Cognitive scientist Gillian Forrester is challenging chimps and gorillas to solve puzzles in an attempt to address the long-standing mystery of how humans evolved the ability to speak

IT LIES at the centre of human experience, and yet how our incredible capacity for complex language arose is a mystery. We are still far from understanding why we are the only living ape with such a skill.

Answering these questions is difficult, not least because speech doesn’t leave its trace in the fossil record. However, we can look to our ape relatives for clues, as cognitive scientist Gillian Forrester at Birkbeck, University of London, is doing. She has developed puzzle mazes for chimpanzees, gorillas, orangutans and children that shed light on one idea of how language evolved. She tells New Scientist how her findings are challenging our understanding of the brain and painting a clearer picture of how language began.

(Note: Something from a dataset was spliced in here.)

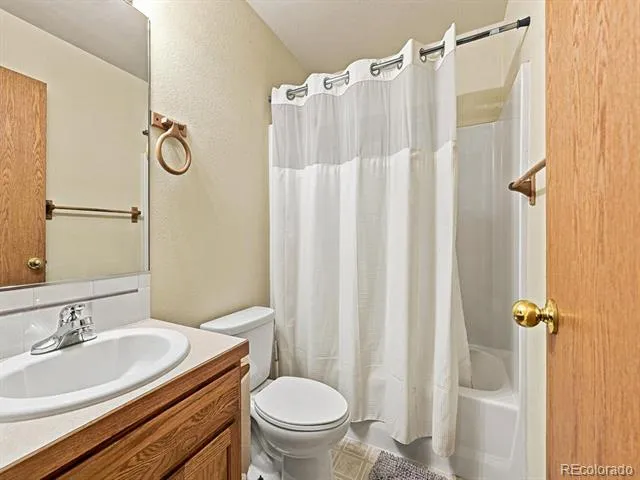 950 52nd Avenue Court #T4 Greeley, CO 80634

Alison George: What inspired you to study the evolution of language?

Gillian Forrester: I’ve always been intrigued by the efforts to teach chimpanzees to speak, which were going on while I was growing up in the 1980s. They were a massive failure when it came to chimps learning to combine words into more complex phrases.

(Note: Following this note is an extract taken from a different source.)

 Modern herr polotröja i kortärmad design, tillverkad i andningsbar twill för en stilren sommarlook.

This got me intrigued about the common factors between human language and other animal communication systems, and how and why a language system emerged in humans but not for other great apes.

How do we start to answer that question?

We don’t have our ancient ancestors to look at to see how things changed over evolutionary time because they are all extinct, and cognition doesn’t fossilise. So all we can do is make suppositions based on their artefacts, such as tools and things they were buried with, to give us an indication of their communication skills.

How can studying the anatomy of great apes help?

We are great apes too. We are tool users and so are they. And we have a particular kind of brain anatomy that we share with other great apes. There is an area of the brain called Broca’s area, which supports speech production. For a long time, we thought this was unique to humans, but we now know that other apes also have it.

So there’s a question about precursor behaviour: what were we using this bit of the brain for, initially, that we now use for language? If we understand that, then we might have some clues about what kinds of behaviours supported language emergence over evolutionary time.

What do we know about this brain region?

One of the things that we’ve found in humans is that Broca’s area, which is active for speech production, is also active during structured motor actions, particularly those involved in tool use and tool making – things that have to be done in a sequence to reach an end goal.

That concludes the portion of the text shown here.